Pendahuluan
Pada era modern umat Muslim dilanda permasalahan serius dengan hadirnya sosok-sosok yang mempertanyakan otentisitas hadis Rasulullah. Pada abad ini pula muncul beberapa dorongan dari Barat yang menuntut orang Islam untuk melakukan sebuah reformasi dan pengkajian ulang terhadap apa saja yang berkaitan dengan Rasulullah, seperti status hukum maupun hadis. Kritik hadis (naqd al-hadits atau uji otentisitas hadis) dapat dipahami sebagai suatu aktivitas penelitian kualitas pada hadis.[1] Dengan adanya tuntutan tersebut, maka secara khusus umat muslim berusaha mengkaji ulang sebuah teks hadis untuk menghilangkan tekanan atau tuduhan-tuduhan negatif yang diberikan Barat terhadap islam dan hadis khususnya.

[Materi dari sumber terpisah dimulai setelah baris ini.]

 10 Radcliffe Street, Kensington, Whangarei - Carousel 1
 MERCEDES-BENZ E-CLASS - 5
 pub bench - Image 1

Menurut Brown, salah satu aspek yang menjadi perhatian orang Islam pada masa itu ialah adanya kaum misionaris Kristen yang mempengaruhi cara pandang kaum Muslimin terhadap hadis/sunnah.[2] Akan tetapi di sisi lain lahir pula kaum orientalis yang mulai bersikap kritis terhadap keberadaan hadis secara khusus.
Pembahasan
Brown menerangkan dan mengelompokkan perkembangan pemikiran dan
kajian hadis yang dilakukan umat Islam pada abad ini menjadi empat periode:[3]

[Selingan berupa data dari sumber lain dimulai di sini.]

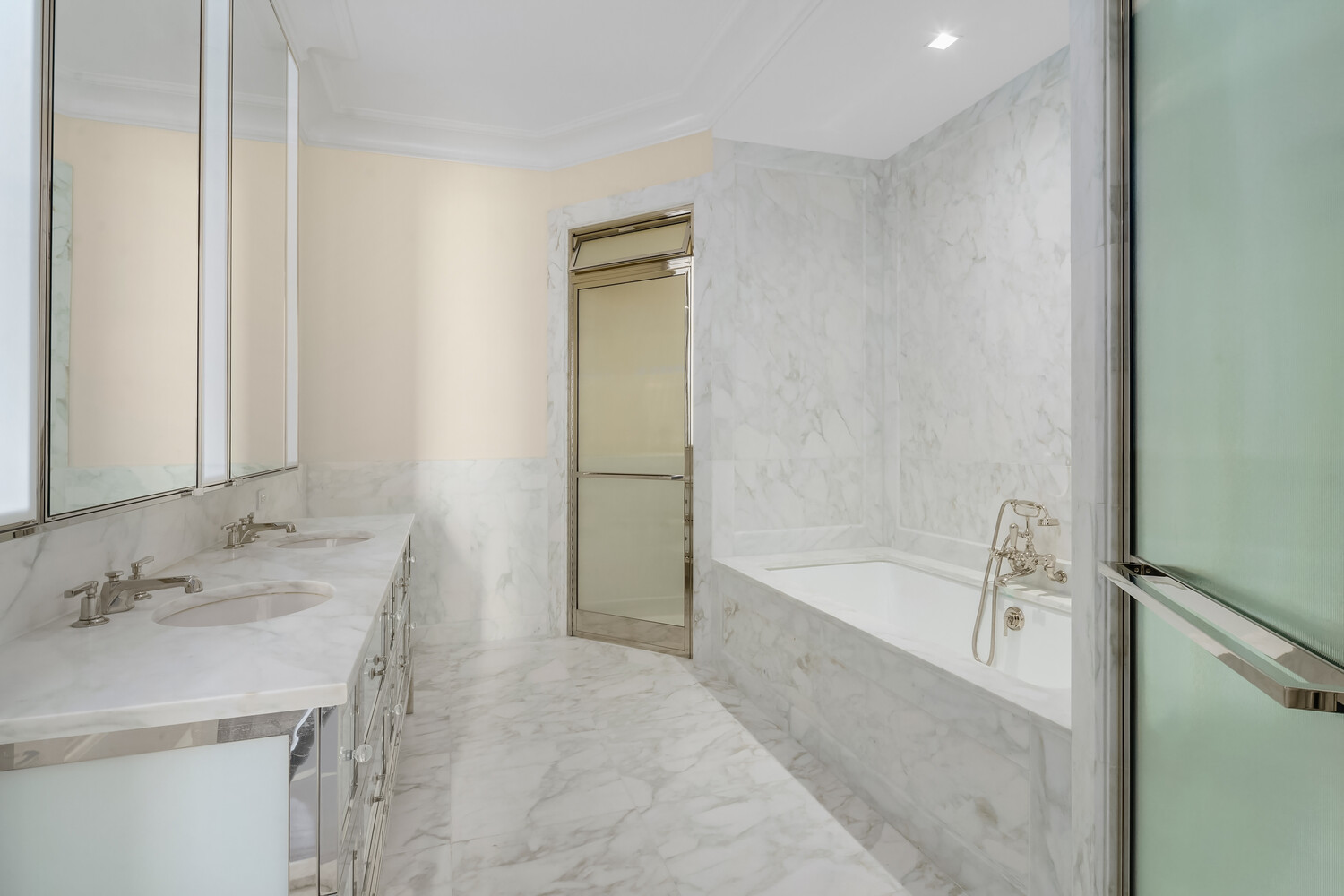 #6 photo, 20 E END Avenue, Yorkville , NY 10075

Periode pertama, yaitu periode gerakan reformasi abad ke-18
M. Pada abad ini ada sebuah pertentangan pemahaman antara kaum tradisionalis
dan modernis. Para ulama tradisionalis memandang bahwasanya hadis/sunnah
merupakan basis utama hukum Islam, akan tetapi sebagian orang memandangnya
secara tidak benar, hingga melahirkan beberapa pemahaman yang salah terkait
hadis/sunnah. Dengan adanya sebuah reformasi, maka kesalahan-kesalahan
pemahaman dapat teratasi. Pada periode ini terdapat kesalahan dalam menyikapi
sebuah hadis/sunnah yang disebabkan oleh munculnya perkara bid’ah dan taklid
yang berkaitan dengan ajaran Islam dan hukum klasik. Hal ini menuntut kaum Muslimin
untuk meninjau dan membandingkan pemahaman yang ada dengan hadis maupun
al-Qur’an , agar pemahaman terhadap ajaran nabi kembali murni.

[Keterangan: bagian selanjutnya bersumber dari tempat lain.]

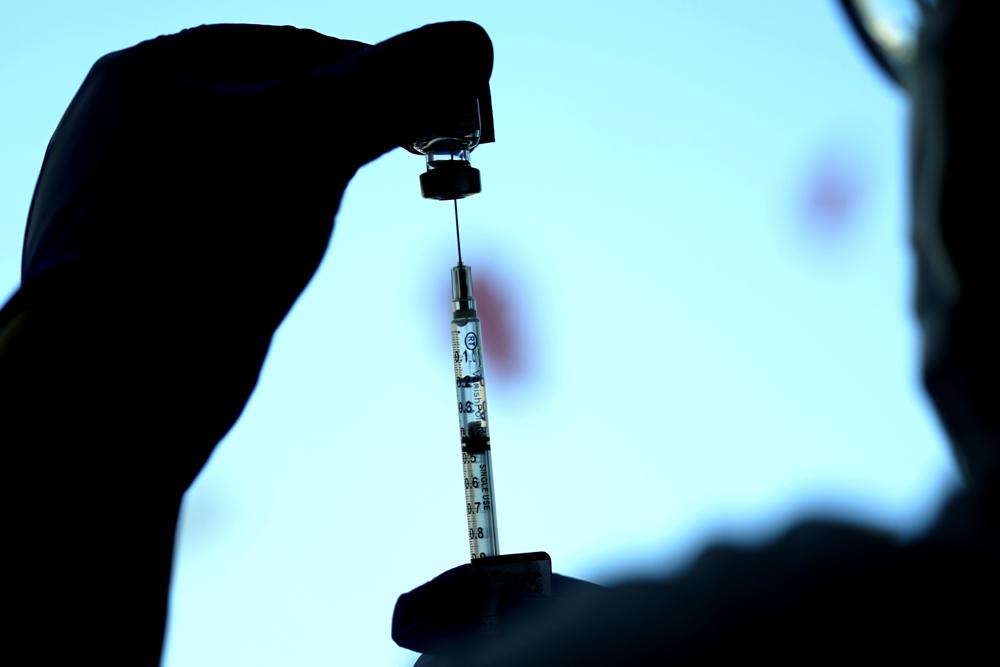 EUA lanza plan para aumentar producción de vacunas COVID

Periode kedua, yaitu reformasi berbasis hadis pada abad
ke-19. Pada abad ini sebuah upaya pemahaman atau taklid hadis menjadi sebuah
kajian yang bersifat reformasi atau mengolaborasikan antara pemahaman taklid
Syah Waliyullah dan al-Syaukani. Akan tetapi tidak jarang pemahaman dan usaha
yang dilakukan pada masa itu terkhususnya bagi ahli hadis menjadikan sebuah
pemahaman yang lebih ekstrim.[4]
Terlebih lagi dengan adanya sebuah upaya kolaborasi mazhab klasik dan mazhab
al-Zuhairi. Sebagian mereka memandang bahwasanya tradisi keilmuan islam klasik
merupakan sebuah hal yang kuno kecuali keilmuan atau sunnah-sunnah yang
dipandang shahih dan terpelihara. Pandangan lainnya muncul dengan adanya sebuah
argumentasi bahwa seorang ahli hadis haruslah ia yang tsiqah, akhlaknya
terpuji dan suci, karena mereka pada dasarnya merupakan orang yang berperan
penting dalam mencontoh tingkah laku Rasulullah. Selain itu, pada abad ini
melahirkan sebuah pemahaman baru yang ditandai dengan hadirnya sekelompok orang
yang memandang bahwa sebuah kemurnian pemahaman hadis hanya dapat dicapai
melalui pemahaman Al-Qur’an dan hadis secara langsung. Hal ini disebabkan
mereka berpendapat bahwasanya orisinalitas agama Islam hanya akan tercapai
kembali dengan kembali ke-keduanya (Al-Qur’an dan hadis).
Periode ketiga, yaitu periode para modernis awal.[5]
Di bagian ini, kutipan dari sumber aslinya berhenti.